Ryback & Cody Did Things Differently
Ryback and Cody Rhodes left WWE within months of each other. Both men were unhappy and felt that they deserved to be in better positions in the company.
Prior to his release, Rhodes was floundering as Stardust. The gimmick had run its course, Rhodes clearly wasn’t into it anymore, and they seemed to have no actual plan for him. Following his big feud with Stephen Amell, which was very disappointing given what they could have done, Stardust was reduced to a jobber role on B shows. The pairing with Ascension could have been a decent mid-level act, but it quickly fizzled due to a string of losses. He was an afterthought in the Intercontinental Title Ladder Match at Wrestlemania and was barely heard from following the event. In May, Rhodes was granted his release.
Ryback was on slightly better ground before leaving the company. He switched to the Goldberg look early in the year and turned heel shortly after. He had an underrated feud with Kalisto heading into Wrestlemania. The two produced solid matches and Ryback had some fun performing planchas and mocking CM Punk. WWE should have put the US Title on Ryback during this time, but didn’t, thanks in large part to his contract situation. Ryback last appeared on WWE TV in May, and was officially let go in August.
Both guys ran into some name trouble. Cody couldn’t use the name “Cody Rhodes” when taking television bookings because that is a WWE trademark. Instead, Cody would just go by “Cody” or “Cody R” or “Cody Runnels” or “The American Nightmare Cody” or “Cody Roads” or “The Stateside Dream Cody.” Ryback couldn’t go by Ryback, again, WWE trademark, so he decided to legally change his name to Ryback. This wasn’t a terrible plan because Ryback is a pretty cool name and no one was booking Ryan Reeves anyway.
Rhodes made a list of goals following his release.
When his non-compete was up, Cody began wrestling all over the world. While I haven’t seen every match he’s done, I’ve seen a handful and haven’t been overly impressed with any of it. His TNA stuff has failed in just about every way, and he’s had just average matches with the likes of Chris Hero, Matt Riddle, and Zack Sabre Jr. He joined the Bullet Club earlier this month, which makes sense because his father joined the original Bullet Club years after it was cool as well.
I wouldn’t call Cody’s Independent run a success, but it’s also unfair to call it a failure as well. It’s only a failure if you overinflated Cody Rhodes’ value. He was always a decent WWE worker who felt underutilized due to his last name and character work. He was never a major star and never a high-level worker. While I expected a bit more out of his matches on the Independent scene, I never expected him to produce classic after classic like AJ Styles following his TNA departure.
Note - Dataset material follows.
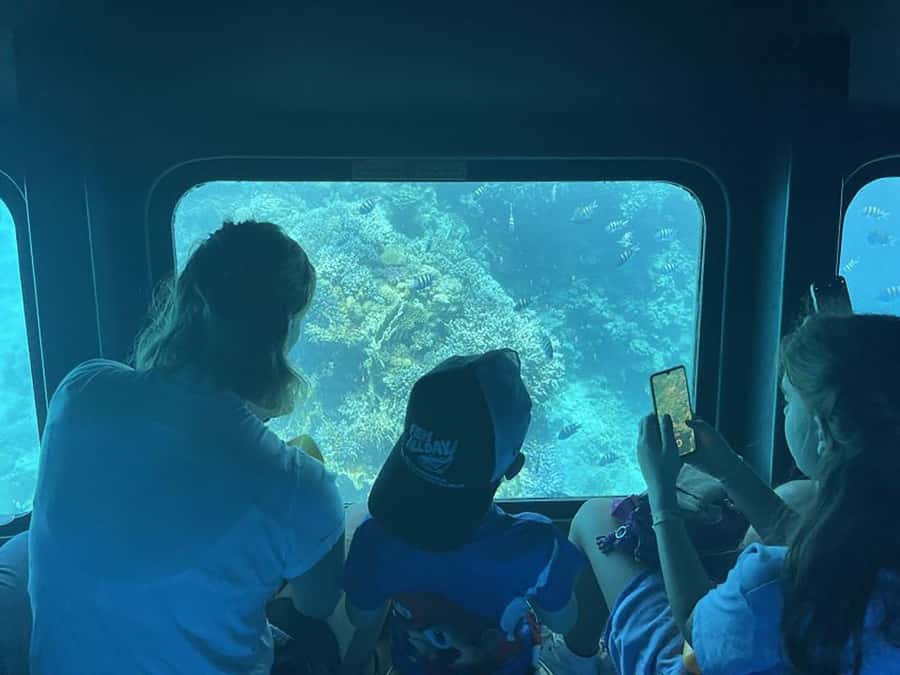 Makadi Bay: Royal Seascope Submarine Cruise & Snorkel stop - What the Royal Seascope trip actually offers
Rhodes has under delivered, but he hasn’t been a complete flop. Plus, he seems happier and he’s been able to do many things on his check list.
Ryback made a podcast.
After taking a couple of Independent bookings, Ryback has mainly sat in his car and talked about how much he hates WWE and the way they treated him. I haven’t listened to a single second of any of his podcasts or interviews, but 411 posts an update every single day, so it’s pretty tough to avoid his comments.
Ryback’s post-WWE run has been nothing short of disappointing. He was in a higher profile position than Cody was following their releases. Hell, he was in a higher profile position during his career than Cody ever was. He looked to be improving in the ring and on the mic. And he was able to use the name “Ryback” thanks to a legal name change. Instead of capitalizing on any momentum he might have had, he decided to tell stories.
Maybe I expected too much out of Ryback. I enjoyed his feud and matches with Kalisto and thought that he could perform well away from WWE if put in the right situation. I thought he would be hungry to prove that WWE made a mistake for not pushing him more and delivering on the promises that he claims they made. I didn’t think he would get the opportunities that Cody got, but I thought he could do well for himself in Japan, where they would eat up his persona.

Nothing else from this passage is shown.